Wednesday, January 20, 2010

Rubin-esque

I have a lot of sympathy for one of Jeff Rubin's core arguments - that high oil prices have been ignored when compared to the sub-prime mortgage mess when talking about the cause of the recent recession.

I even bought and read his best-selling book on this, and recommend it.

But, today Rubin misrepresents California's efforts to reduce the carbon content of fuels sold in that state, and by extension the whole rationale behind so-called 'low carbon fuel standards' everywhere. He characterizes California's push as a "ban" on tar sands oil in particular, when it is no such thing - it requires fuel sellers in California to reduce the overall carbon content of fuel sold there, and lets them do this by blending higher carbon options - like tar sands oil - with lower carbon options, or indeed by buying credits from lower carbon electricity sources feeding electric vehicles.

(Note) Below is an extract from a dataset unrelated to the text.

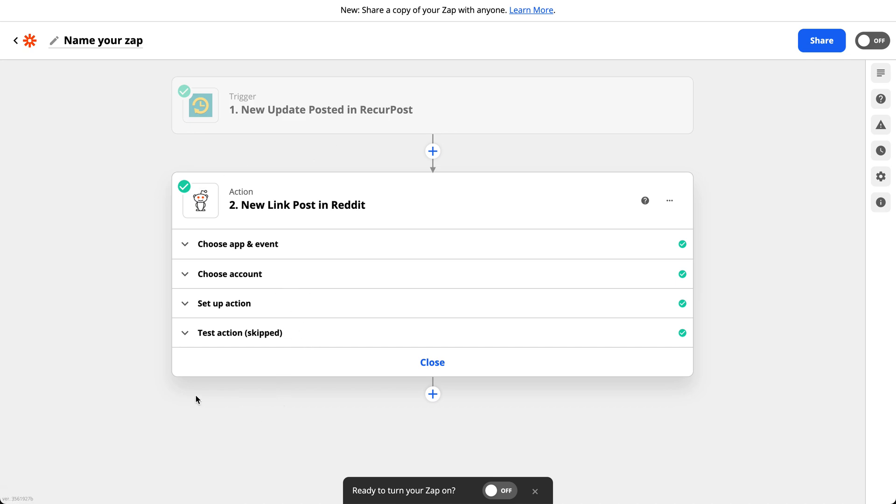So just to sum it up, I have set up a dummy page and then added that to my RecurPost account. Then I created a Zap in my Zapier account to take anything posted on that dummy account and post it on Reddit. That's it. I hope this was simple enough, but if you have any questions or if you're stuck.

By doing this, California helps call the question of whether the tar sands industry and their Alberta and federal government boosters are actually serious about reducing the carbon content of tar sands oil, as they claim to be by directing billions of dollars of taxpayer money into carbon capture and storage, or whether this is ultimately a very expensive green washing exercise.

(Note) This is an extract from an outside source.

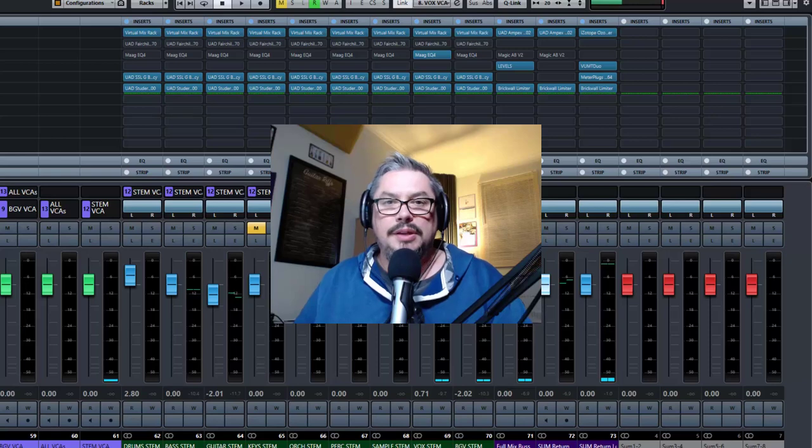Hey, it's Kevin DeWitch here. Welcome to another plugin knowledge session. In this session, we're going to have a look at a plugin called Levels by Mastering the Mix.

Indeed, documents we recently obtained under Access to Information indicate that the federal government knows the carbon content of tar sands oil is likely to go higher rather than lower, due to factors such as the shift to the more carbon intensive steam injection method, through having mined out the easiest to reach deposits, and through the likelihood that the Alberta government will allow the industry to burn much dirtier feed stocks than natural gas to generate its energy for production.

Those same documents also show our federal government lobbying the California government on low carbon fuel standard using tar sands industry-funded numbers that it knew to be "not transparent" and "out of date." These are our civil servants doing the industry's bidding using misleading information.

Ultimately, a low carbon fuel standard is akin to the consuming jurisdiction enacting a carbon tax if the producing jurisdiction doesn't do it - and do it at a level that actually reduces emisisons. This is exactly what is now unfolding between California and other jurisdictions interested in a robust response on the one hand, and the lame response we have so far seen from Alberta and the Canadian government on the other.